SOURCE MATERIAL:
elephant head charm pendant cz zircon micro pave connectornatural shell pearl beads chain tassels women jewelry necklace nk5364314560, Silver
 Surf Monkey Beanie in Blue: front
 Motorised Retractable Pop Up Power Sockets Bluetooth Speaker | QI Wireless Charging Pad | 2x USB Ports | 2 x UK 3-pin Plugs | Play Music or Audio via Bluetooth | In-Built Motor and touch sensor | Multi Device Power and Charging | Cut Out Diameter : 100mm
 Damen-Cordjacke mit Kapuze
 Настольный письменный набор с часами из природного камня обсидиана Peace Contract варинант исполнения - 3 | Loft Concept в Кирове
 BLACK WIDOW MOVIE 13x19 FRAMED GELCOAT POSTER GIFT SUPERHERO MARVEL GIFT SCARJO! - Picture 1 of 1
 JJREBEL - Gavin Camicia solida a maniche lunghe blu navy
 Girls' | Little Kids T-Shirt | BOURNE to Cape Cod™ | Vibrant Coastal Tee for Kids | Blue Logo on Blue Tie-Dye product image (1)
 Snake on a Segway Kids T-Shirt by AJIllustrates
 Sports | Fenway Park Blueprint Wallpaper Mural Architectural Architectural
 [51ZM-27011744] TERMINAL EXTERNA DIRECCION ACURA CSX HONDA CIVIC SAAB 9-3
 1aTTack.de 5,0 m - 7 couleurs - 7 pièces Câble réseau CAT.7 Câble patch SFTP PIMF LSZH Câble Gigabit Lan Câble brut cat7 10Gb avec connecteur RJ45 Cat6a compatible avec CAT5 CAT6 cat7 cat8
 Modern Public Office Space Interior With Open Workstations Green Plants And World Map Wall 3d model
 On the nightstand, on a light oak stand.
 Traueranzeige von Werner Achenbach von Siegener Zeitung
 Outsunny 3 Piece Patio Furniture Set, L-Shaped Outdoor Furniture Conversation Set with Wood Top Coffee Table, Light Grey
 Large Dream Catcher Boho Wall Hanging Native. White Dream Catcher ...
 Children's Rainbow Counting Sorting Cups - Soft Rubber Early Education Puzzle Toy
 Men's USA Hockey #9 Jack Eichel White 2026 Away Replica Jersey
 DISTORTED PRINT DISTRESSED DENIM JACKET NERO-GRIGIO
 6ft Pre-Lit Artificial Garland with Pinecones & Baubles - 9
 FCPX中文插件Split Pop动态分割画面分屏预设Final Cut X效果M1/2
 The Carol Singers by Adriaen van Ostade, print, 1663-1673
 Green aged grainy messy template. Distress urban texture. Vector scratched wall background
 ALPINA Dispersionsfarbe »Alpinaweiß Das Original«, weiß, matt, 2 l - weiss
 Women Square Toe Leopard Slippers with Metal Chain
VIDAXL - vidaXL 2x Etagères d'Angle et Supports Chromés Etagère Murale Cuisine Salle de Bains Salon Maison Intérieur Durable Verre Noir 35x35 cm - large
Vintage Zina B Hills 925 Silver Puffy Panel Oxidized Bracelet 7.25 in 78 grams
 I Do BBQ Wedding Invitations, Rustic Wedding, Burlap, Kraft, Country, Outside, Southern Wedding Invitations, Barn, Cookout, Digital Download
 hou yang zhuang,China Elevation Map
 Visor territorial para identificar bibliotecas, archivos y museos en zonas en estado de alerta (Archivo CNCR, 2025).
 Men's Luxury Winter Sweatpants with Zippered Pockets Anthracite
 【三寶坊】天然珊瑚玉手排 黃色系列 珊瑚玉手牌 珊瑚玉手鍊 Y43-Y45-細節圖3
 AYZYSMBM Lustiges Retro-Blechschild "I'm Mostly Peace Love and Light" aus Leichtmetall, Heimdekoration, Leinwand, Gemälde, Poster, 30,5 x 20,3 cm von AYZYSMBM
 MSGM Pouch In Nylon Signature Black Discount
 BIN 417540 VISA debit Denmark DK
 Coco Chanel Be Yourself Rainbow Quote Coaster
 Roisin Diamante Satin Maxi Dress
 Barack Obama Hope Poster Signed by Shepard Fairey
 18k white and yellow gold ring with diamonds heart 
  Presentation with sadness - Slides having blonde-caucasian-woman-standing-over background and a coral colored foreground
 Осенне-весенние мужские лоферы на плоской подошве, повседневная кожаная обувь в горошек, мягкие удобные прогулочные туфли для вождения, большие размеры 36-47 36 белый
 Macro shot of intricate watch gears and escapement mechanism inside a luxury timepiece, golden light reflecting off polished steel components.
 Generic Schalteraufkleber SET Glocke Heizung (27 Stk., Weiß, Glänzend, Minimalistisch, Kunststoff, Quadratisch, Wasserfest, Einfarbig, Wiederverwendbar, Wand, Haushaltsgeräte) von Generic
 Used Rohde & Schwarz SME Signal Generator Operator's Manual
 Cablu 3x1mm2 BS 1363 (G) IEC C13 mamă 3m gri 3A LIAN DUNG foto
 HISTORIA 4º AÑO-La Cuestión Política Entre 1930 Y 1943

WHAT IS REQUIRED:
Display every line of the listing that contains the string "Silver".

SOLUTION:
elephant head charm pendant cz zircon micro pave connectornatural shell pearl beads chain tassels women jewelry necklace nk5364314560, Silver
Vintage Zina B Hills 925 Silver Puffy Panel Oxidized Bracelet 7.25 in 78 grams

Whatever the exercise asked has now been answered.